Od kiedy w Polsce zaczęły obowiązywać Rekomendacje Komisji Nadzoru Finansowego, zdecydowanie spada liczba udzielanych kredytów hipotecznych. Szacuje się, że w 2012 roku może być ich o 40% mniej niż w 2011 roku. Nie tylko Rekomendacja T i S II są winne takiej sytuacji. Do zmniejszenia akcji kredytowej w bankach wydatnie przyczyniło się spowolnienie gospodarcze, z jakim mamy dziś do czynienia.

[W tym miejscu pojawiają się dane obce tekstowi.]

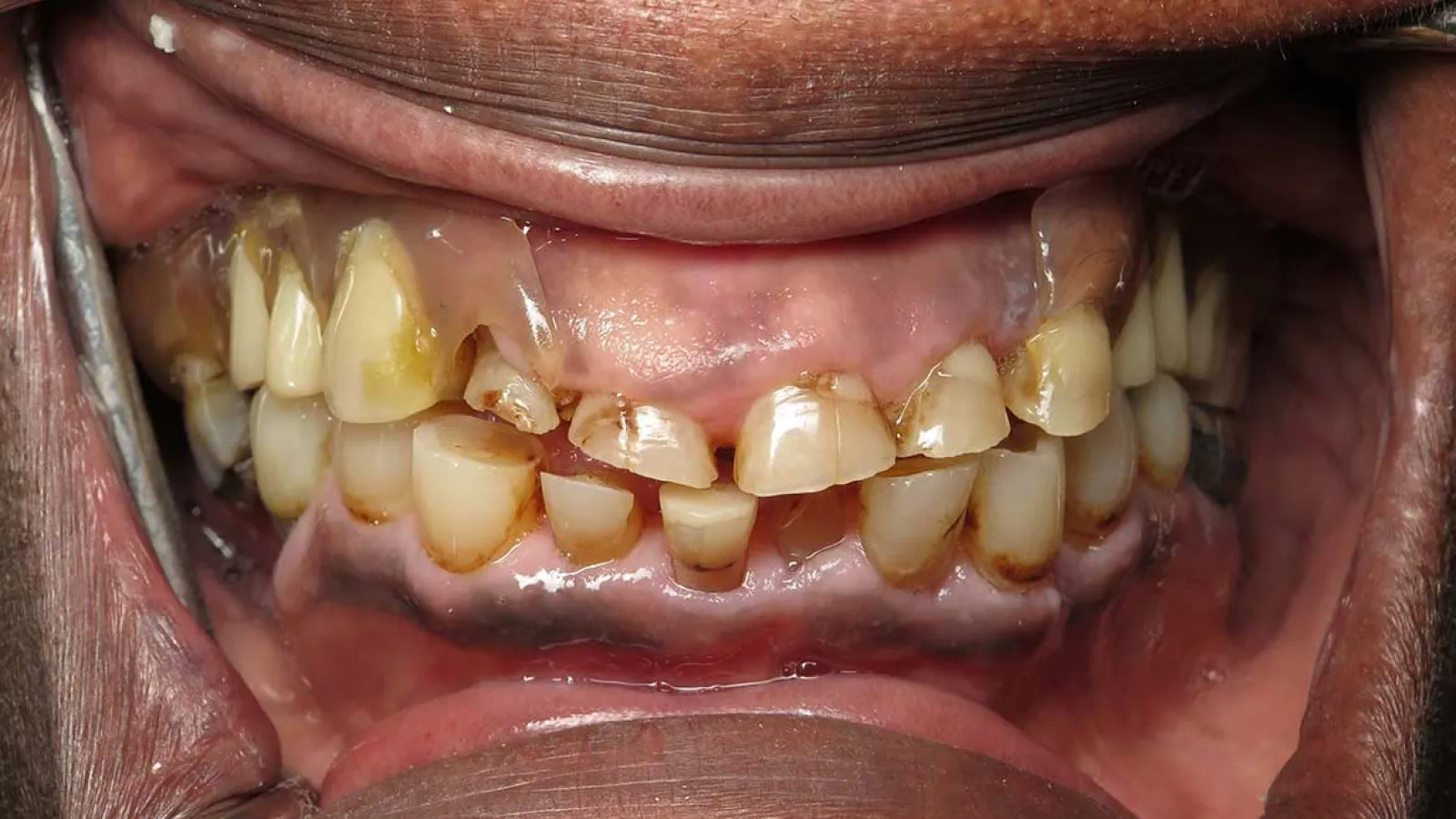 Close-up of severely decayed and broken teeth with stained gums inside a wide-open mouth.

W niektórych bankach kredytów hipotecznych będzie w tym roku mniej o jakieś 10-15%, ale inne będą musiały pogodzić się z jeszcze większym osłabieniem akcji kredytowej w tej dziedzinie. Zdecydowanie trudniej jest dziś otrzymać kredyt hipoteczny, zwłaszcza młodym kredytobiorcom, wnioskującym o kredyty w wysokiej sumie, np. na budowę domu. Rekomendacje wydane przez Komisję Nadzoru Finansowego mają jednak nie utrudniać życie wszystkim kredytobiorcom i bankom w Polsce, ale chronić klientów przed nadmiernym zadłużaniem, zaś instytucje kredytujące – przed rosnącym udziałem kredytów straconych.

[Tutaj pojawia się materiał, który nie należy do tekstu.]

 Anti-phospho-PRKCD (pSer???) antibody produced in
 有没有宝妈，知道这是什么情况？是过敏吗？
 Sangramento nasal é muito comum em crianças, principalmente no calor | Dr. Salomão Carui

Na spadek liczby udzielanych kredytów hipotecznych mają wpływ zmiany w programie kredytów preferencyjnych z dopłatami z budżetu państwa pod nazwą „Rodzina na swoim”. Do niedawna młodzi kredytobiorcy, zwłaszcza rodziny z dziećmi albo osoby samotnie wychowujące dzieci, bez większych przeszkód mogli otrzymać kredyt z dopłatami do 50% wysokości odsetek należnych bankowi. Dzięki programowi wiele małżeństw i nie tylko, mogło zrealizować marzenia o własnym mieszkaniu lub domu. Dziś rząd coraz mocniej ogranicza możliwość zaciągnięcia kredytu w ramach „Rodziny na swoim”, choć formalnie program nadal istnieje. Niższe limity cenowe powodują jednak, że trudno znaleźć w wielu lokalizacjach taką nieruchomość, która spełni wymagania ustawowe. Pod koniec 2012 roku program „Rodzina na swoim” ma zostać wygaszony. Najprawdopodobniej w jego miejsce pojawi się nowe rozwiązanie, wspierające młodych ludzi w kupowaniu mieszkań i budowaniu domów.

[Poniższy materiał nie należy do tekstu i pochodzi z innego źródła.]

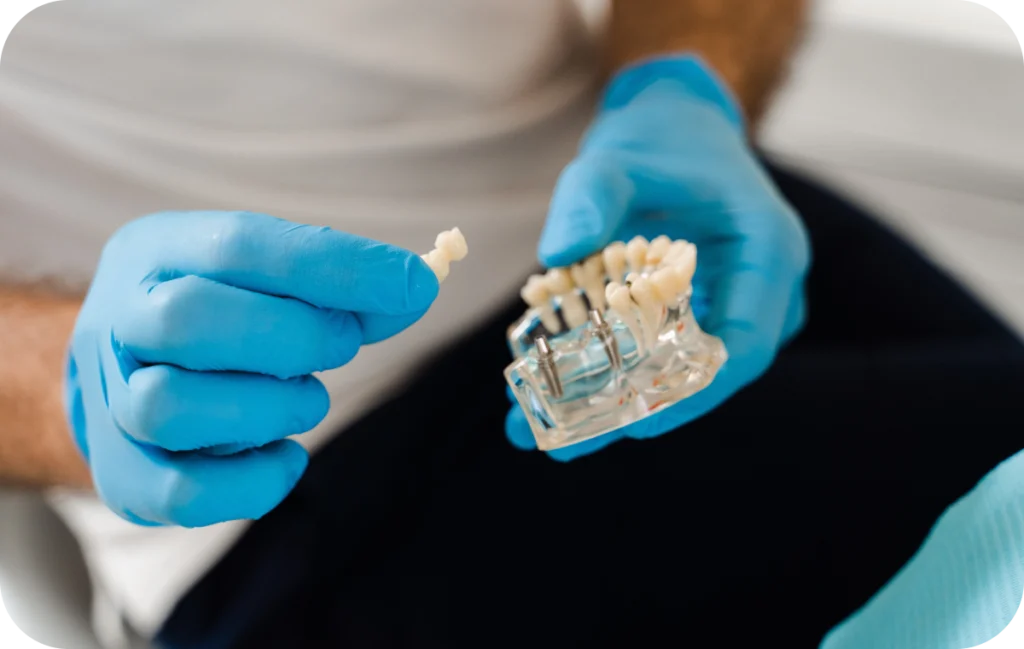 bridge implant dentaire villeneuve d ascq Implant dentaire Chirurgiens-dentistes | Villeneuve d’Ascq près de Lille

Począwszy od nowego roku 2012 banki są zobowiązane do wyliczania zdolności kredytowej przy założeniu maksymalnego dopuszczalnego w takich obliczeniach okresu kredytowania, wynoszącego 25 lat. Takie postanowienia wprowadziła w życie Rekomendacja S wydana przez KNF. W jej wyniku spadł maksymalny udział raty kredytu w ogólnych dochodach uzyskiwanych przez dane gospodarstwo domowe, wnioskujące o kredyt. W przypadku kredytów zaciąganych w walucie rodzimej, czyli w złotych, udział raty nie może przekroczyć 50% dochodów netto kredytobiorcy, jeśli zarabia on mniej niż wynosi średnia krajowa, oraz 65% dochodów netto klienta z wyższymi zarobkami miesięcznymi. Dla kredytów denominowanych w walutach obcych udział raty kredytu w dochodach osoby wnioskującej o kredyt nie może przekroczyć 42%.